La España sin gotelé
«Vivir en una casa propia, sin compartirla con amigos sobrevenidos, ocupa todos nuestros desvelos. Da igual que sea pequeña, que no tenga piscina, nos conformamos con que no haya gotelé»
La mía es una generación de desgraciados. Nos las prometíamos muy felices cuando a mediados de los dos mil llegábamos a la universidad. Eran años prósperos, los de antes de las crisis, en aquella España de las piscinas, que diría Jorge Dioni López. Los padres que habían llegado a alguna ciudad dormitorio de Madrid allá por los años 70-80 hacía tiempo que habían comprado un segundo apartamento en la playa y se habían vuelto a hipotecar para cambiar su primer piso resultón por otro con una terraza orientada a la piscina comunitaria y al campo de pádel. Una plaza para aparcar el coche, buena conexión con el centro comercial de turno y estructuras urbanísticas que limitaban el contacto social con indeseables.
Aún se creía que una buena formación garantizaría un porvenir, cuanto menos, similar al del ‘boom’: estabilidad laboral, sueldos altos y un BMW para pagar a plazos desde la firma del primer contrato de trabajo. Ni siquiera hacía falta formación universitaria; esta promesa de vida se cumplía también desde la formación media o con cualquier empleo no cualificado que se pillaba si uno dejaba el instituto. Nada de eso era cierto, ya se sabe. Con la crisis descubrimos que esa abundancia también estaba hipotecada, y que la nuestra, quienes nacimos a finales de los ochenta, sería la generación que lo pagaría.
Los políticos que alentaron este modo de vida ya habían ganado las elecciones que tenían que ganar y se habían enriquecido debidamente con los pelotazos inmobiliarios que tanto deseaban los españolitos. Igual que los viejos que se entretenían mirando las obras, ellos se pasarían los años venideros dando lecciones desde sus tribunas, pero eso tampoco lo sabíamos entonces. Sí que la crisis de 2008 iba a ser duradera. Lo decían en las páginas de Economía con el lenguaje especializado de los estudios financieros de turno: el mercado laboral tardaría años en recuperarse, los salarios perderían competitividad… Un puñado de piscinas ha condenado nuestro futuro.

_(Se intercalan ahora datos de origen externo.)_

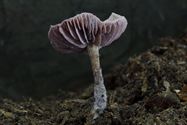 De paddenstoelen zijn er weer (9)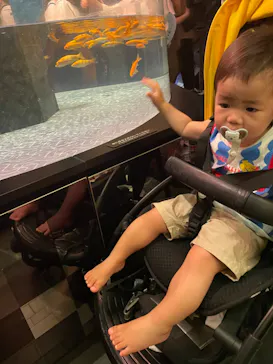 すみだ水族館に投稿された画像（2023/7/22）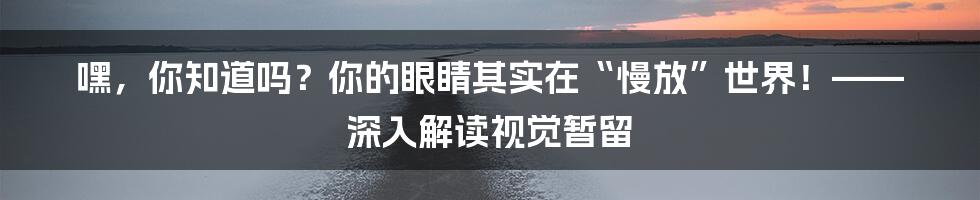 嘿,你知道吗?你的眼睛其实在“慢放”世界!—— 深入解读视觉暂留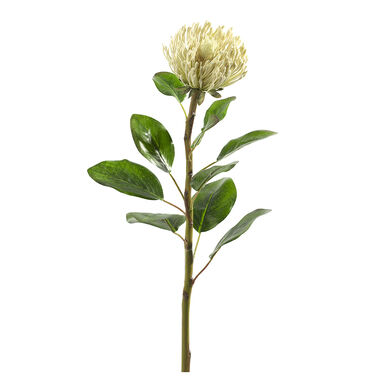 Flor Protea artificial blanca 71cm
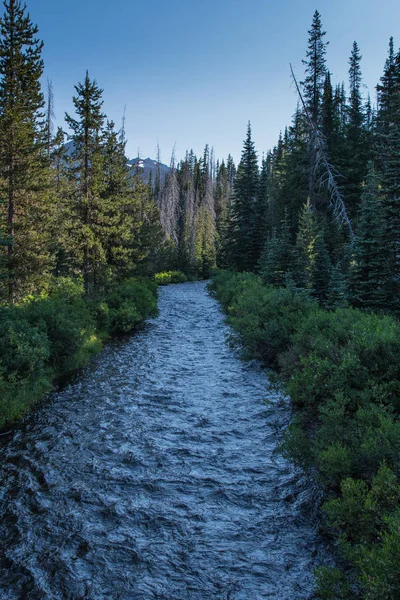 Creek Flows from Green Lakes in Central Orgeon — Stock Photo, Image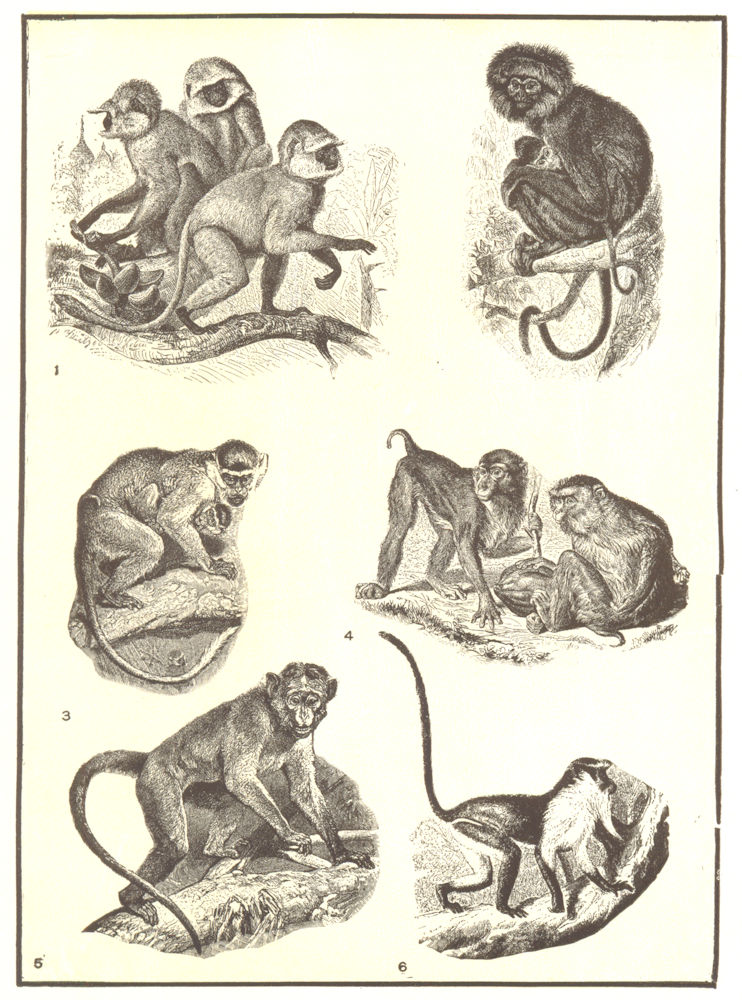 Associate Product PRIMATES. Hanuman monkey; Negro; Green; Pig-tailed; Bonnet macaque; Diana 1907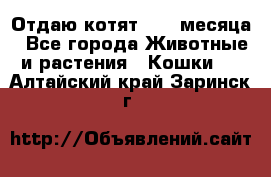 Отдаю котят. 1,5 месяца - Все города Животные и растения » Кошки   . Алтайский край,Заринск г.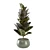 Enchanting Indoor Plants Collection 3D model small image 3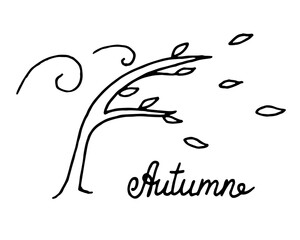 Hand drawn autumn tree with flying leaves. Autumn landscape, falling leaves. Simple doodle vector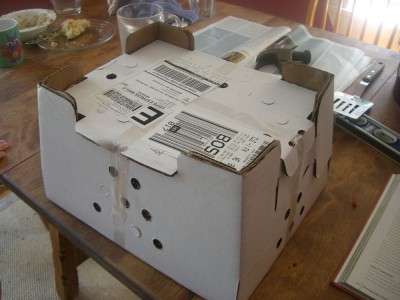 chicken mailing box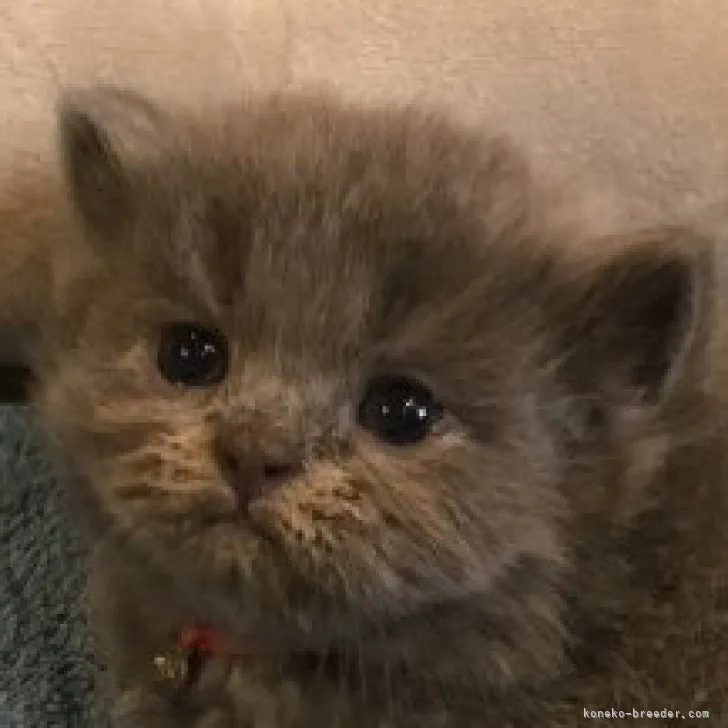 ID：2306-02658の子猫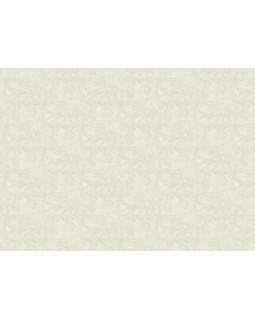 KM6708 Обои Kerama Marazzi (Palazzo/Boiserie/Tressage) (1*4) 10,05*1,06 винил на флизелине-foto2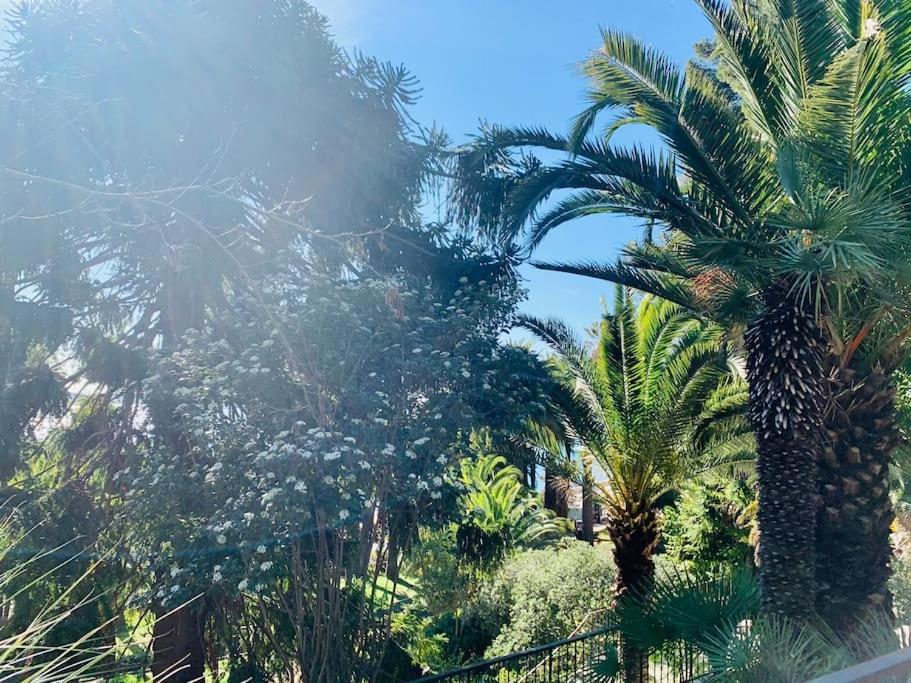 Le Port Tamaris Διαμέρισμα La Seyne-sur-Mer Εξωτερικό φωτογραφία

Ha habido agitación, sí, por un tiempo hemos vivido en la ilusión de que algo había cambiado en la política, pero lo que venía a ser la regeneración se ha conformado con un chalé con piscina, que allí hay menos indeseables que en una urbanización de pisos. Quienes ahora entran en los treinta parecen personajes de Balzac, con sus ilusiones perdidas. Hasta el ‘Pequeño Nicolás’ ha sucumbido al fin del encantamiento. Los sueldos son igual o peores que los de hace diez años, muchos han preferido regresar al lugar de donde vinieron sus padres, a esa España vacía que nunca debió perderse. Vivir en una casa propia, sin compartirla con amigos sobrevenidos, ocupa todos nuestros desvelos. Da igual que sea pequeña, que no tenga piscina, nos conformamos con que no haya gotelé.